Madea Goes to Jail is Tyler Perry’s seventh film as writer or director in only four years. In that short period of time, his filmmaking has shown noticeable improvement. His movies now look much better, they’re edited much more fluidly, and the momentum-stopping monologues doling out the story’s morals are pretty much gone. What hasn’t changed one jot is Perry’s peculiar view of the world, and unless you’re already in tune with that, his movies are going to look strange to you regardless of how well they’re made. They certainly look strange to me.
Despite its title, his current film’s main plot is taken up with an Atlanta prosecutor named Josh (Derek Luke) who’s shocked to find his childhood friend, Candace (Keshia Knight Pulliam – yes, Rudy from The Cosby Show) on his docket facing a prostitution charge. Feeling responsible for her, Josh takes her in and tries to help her get off the streets. This doesn’t please Josh’s fiancée and fellow prosecutor, Linda (Ion Overman).
Right as she is to feel suspicious, Linda loses our sympathy when she finds a beaten Candace asleep on her couch and throws a hissy fit, screaming at Josh, “I don’t care what she needs!” This isn’t surprising. If there’s one thing that Perry’s films teach us, it’s that ambitious young women with successful careers are shrill, narcissistic, conniving bitches who will cheat at their jobs or cheat on their husbands or lose themselves in work or simply hold their success over their man’s head and feel threatened if he starts to come into his own. (See The Family That Preys and Why Did I Get Married? for examples of all of those.)
Such women need to be punched in the face, in Perry’s view.

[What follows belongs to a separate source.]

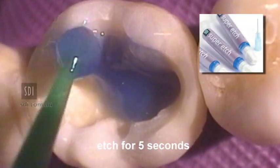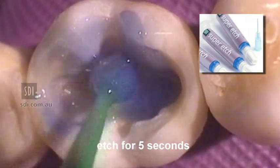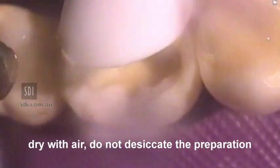Apply Super Etch for 5 seconds. Wash the preparation with copious amounts of water. Remove excess water with air but do not desiccate the preparation.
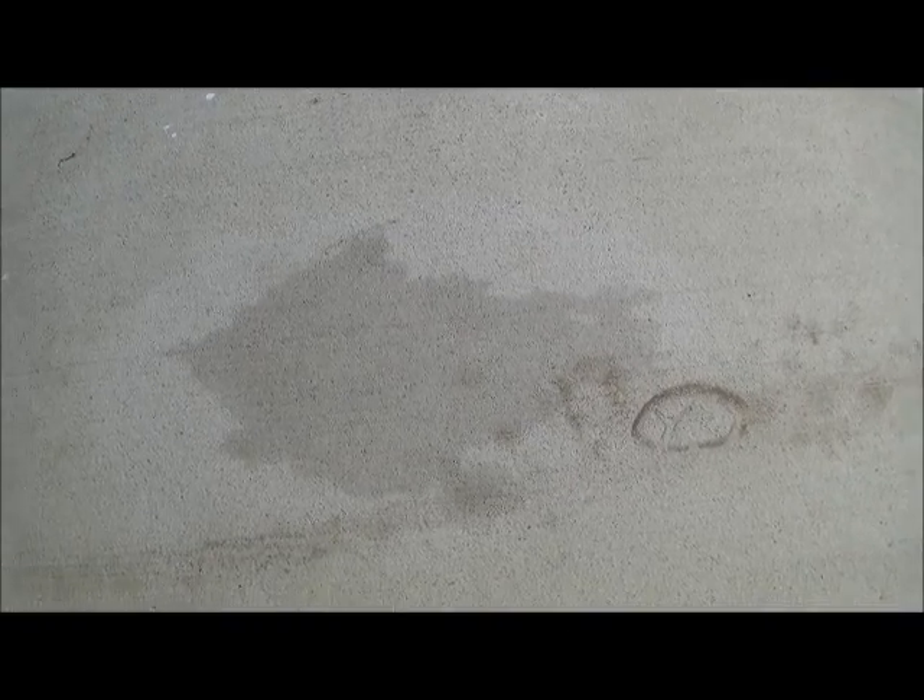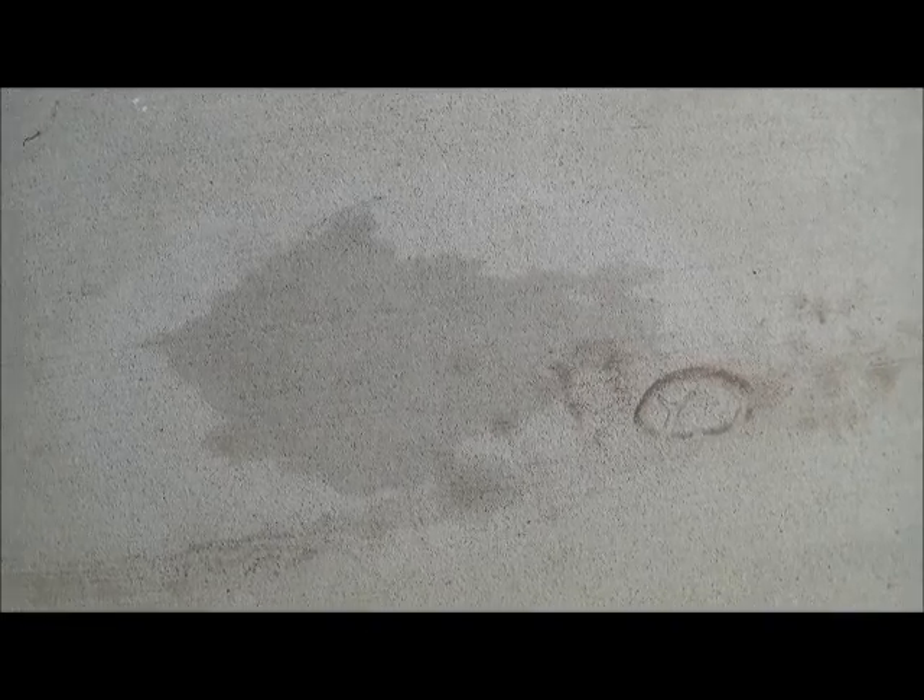What's up, YouTubers? I've got an oil stain here. I've already tried Simple Green on this and Dawn, both of which helped a little bit, but there's still this stain here.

His audience clearly agrees, judging by the cheers that those movies elicited when that happened. (Thankfully, in Madea Goes to Jail Josh only publicly humiliates Linda at the altar once he realizes what she is.) It’s not that Perry hates women – indeed, one of this movie’s heroines is a social worker ministering to prostitutes, luminously underplayed by Oscar nominee Viola Davis. Perry makes it clear that bad guys hit women for no reason. On the other hand, good guys hit women when they deserve it. Real life doesn’t work that way, but that doesn’t appear to have crossed his mind.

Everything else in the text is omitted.